SQLite with a Fine-Toothed Comb (2016) - jxub
https://blog.regehr.org/archives/1292
======
collinf
Richard Hipp (creator of SQLite) had this to say about Rust and SQLite in the
comments:

> Rewriting SQLite in Rust, or some other trendy “safe” language, would not
> help. In fact it might hurt.

Prof. Regehr did not find problems with SQLite. He found constructs in the
SQLite source code which under a strict reading of the C standards have
“undefined behaviour”, which means that the compiler can generate whatever
machine code it wants without it being called a compiler bug. That’s an
important finding. But as it happens, no modern compilers that we know of
actually interpret any of the SQLite source code in an unexpected or harmful
way. We know this, because we have tested the SQLite machine code – every
single instruction – using many different compilers, on many different CPU
architectures and operating systems and with many different compile-time
options. So there is nothing wrong with the sqlite3.so or sqlite3.dylib or
winsqlite3.dll library that is happily running on your computer. Those files
contain no source code, and hence no UB.

The point of Prof. Regehr’s post (as I understand it) is the the C programming
language as evolved to contain such byzantine rules that even experts find it
difficult to write complex programs that do not contain UB.

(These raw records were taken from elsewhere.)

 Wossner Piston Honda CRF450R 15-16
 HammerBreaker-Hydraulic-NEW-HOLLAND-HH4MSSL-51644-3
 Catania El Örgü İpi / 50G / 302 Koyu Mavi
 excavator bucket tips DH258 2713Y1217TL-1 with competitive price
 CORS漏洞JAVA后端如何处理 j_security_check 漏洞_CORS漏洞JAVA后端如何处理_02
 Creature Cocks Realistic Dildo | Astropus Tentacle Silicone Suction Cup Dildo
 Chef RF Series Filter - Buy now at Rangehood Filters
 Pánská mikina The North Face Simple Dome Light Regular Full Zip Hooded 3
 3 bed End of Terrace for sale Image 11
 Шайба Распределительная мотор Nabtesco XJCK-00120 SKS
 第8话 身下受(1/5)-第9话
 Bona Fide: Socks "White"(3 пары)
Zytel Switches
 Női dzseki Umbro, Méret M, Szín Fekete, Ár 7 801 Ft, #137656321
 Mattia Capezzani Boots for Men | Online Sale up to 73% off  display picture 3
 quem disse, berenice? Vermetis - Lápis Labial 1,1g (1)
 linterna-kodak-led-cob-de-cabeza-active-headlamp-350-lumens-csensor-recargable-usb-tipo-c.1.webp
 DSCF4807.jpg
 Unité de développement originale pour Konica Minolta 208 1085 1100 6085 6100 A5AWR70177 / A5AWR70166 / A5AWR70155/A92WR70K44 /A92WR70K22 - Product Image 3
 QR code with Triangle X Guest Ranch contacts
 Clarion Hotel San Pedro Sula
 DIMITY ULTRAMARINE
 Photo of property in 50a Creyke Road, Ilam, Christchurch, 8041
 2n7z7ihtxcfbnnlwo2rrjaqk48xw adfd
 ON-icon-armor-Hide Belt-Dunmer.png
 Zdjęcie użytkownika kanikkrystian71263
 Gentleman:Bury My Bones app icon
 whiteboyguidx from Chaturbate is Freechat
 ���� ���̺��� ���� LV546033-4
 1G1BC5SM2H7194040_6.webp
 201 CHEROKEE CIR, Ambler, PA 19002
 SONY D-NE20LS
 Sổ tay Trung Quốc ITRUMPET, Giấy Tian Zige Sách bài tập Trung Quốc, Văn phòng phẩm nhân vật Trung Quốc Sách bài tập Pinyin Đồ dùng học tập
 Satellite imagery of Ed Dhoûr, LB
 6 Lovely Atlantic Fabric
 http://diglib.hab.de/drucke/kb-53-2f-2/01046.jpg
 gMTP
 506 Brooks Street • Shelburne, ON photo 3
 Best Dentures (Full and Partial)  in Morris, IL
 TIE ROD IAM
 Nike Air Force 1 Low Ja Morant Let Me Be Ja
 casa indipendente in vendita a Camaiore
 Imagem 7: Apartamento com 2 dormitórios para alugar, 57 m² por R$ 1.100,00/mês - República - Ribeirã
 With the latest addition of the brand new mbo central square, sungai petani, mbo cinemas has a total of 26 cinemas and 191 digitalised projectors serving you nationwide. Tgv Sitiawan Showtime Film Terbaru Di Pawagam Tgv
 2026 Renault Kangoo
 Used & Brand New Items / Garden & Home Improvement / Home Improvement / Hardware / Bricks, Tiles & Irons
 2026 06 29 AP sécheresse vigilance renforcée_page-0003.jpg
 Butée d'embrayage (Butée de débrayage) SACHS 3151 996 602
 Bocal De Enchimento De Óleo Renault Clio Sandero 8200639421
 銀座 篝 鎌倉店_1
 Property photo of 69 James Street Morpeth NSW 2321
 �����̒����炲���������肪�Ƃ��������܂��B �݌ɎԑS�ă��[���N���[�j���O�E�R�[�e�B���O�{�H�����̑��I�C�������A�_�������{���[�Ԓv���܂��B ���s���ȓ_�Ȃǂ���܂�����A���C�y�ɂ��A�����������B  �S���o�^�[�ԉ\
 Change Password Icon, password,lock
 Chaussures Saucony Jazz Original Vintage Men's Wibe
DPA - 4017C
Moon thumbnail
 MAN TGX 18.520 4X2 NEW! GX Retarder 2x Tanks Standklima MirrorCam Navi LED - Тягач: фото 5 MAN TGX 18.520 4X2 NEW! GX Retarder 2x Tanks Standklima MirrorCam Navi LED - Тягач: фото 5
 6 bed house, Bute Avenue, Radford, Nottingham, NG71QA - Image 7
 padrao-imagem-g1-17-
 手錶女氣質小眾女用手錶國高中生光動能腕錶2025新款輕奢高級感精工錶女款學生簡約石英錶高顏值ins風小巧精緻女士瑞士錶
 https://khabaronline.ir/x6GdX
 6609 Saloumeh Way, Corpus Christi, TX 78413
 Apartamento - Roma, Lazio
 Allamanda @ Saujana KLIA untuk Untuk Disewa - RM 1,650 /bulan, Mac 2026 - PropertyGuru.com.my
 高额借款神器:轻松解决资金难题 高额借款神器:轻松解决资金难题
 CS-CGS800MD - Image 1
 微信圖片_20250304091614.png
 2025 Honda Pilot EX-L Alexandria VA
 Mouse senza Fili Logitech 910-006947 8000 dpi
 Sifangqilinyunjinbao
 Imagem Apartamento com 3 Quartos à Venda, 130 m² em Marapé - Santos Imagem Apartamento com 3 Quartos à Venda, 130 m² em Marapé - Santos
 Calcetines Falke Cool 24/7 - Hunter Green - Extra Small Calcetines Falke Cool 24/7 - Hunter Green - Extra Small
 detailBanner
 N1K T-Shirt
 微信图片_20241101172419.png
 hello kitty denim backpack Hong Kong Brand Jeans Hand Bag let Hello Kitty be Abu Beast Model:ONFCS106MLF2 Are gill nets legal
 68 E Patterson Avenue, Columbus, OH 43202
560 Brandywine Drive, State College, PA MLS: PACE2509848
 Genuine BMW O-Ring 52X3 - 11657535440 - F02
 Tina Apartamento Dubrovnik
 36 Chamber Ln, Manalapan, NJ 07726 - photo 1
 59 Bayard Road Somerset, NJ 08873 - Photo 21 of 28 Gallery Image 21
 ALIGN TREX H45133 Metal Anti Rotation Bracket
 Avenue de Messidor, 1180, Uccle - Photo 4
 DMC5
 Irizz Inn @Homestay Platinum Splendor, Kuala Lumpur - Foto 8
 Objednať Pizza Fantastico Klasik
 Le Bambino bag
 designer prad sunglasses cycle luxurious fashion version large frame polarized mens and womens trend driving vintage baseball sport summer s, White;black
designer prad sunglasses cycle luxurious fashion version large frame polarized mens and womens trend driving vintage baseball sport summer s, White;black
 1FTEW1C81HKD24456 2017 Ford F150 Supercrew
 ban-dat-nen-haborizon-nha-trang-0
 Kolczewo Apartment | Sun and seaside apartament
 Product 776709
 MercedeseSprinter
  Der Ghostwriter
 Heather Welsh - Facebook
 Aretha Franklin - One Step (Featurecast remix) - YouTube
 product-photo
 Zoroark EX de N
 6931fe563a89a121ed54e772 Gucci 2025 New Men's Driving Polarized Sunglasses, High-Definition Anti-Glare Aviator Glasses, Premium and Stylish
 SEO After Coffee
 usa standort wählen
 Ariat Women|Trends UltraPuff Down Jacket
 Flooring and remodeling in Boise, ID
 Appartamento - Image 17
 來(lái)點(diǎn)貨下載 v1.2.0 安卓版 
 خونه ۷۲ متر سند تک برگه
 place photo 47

The rules of rust are less byzantine (so far – give it time :-)) and so in
theory it should be easier to write programs in rust that do not contain UB.
That’s all well and good. But it does not relieve the programmer of the
responsibility of testing the machine code to make sure it really does work as
intended. The rust compiler contains bugs. (I don’t know what they are but I
feel sure there must be some.) Some well-formed rust programs will generate
machine code that behaves differently from what the programmer expected. In
the case of rust we get to call these “compiler bugs” whereas in the
C-language world such occurrences are more often labeled “undefined behavior”.
But whatever you call it, the outcome is the same: the program does not work.
And the only way to find these problems is to thoroughly test the actual
machine code.

And that is where rust falls down. Because it is a newer language, it does not
have (afaik) tools like gcov that are so helpful for doing machine-code
testing. Nor are there multiple independently-developed rust compilers for
diversity testing. Perhaps that situation will change as rust becomes more
popular, but that is the situation for now.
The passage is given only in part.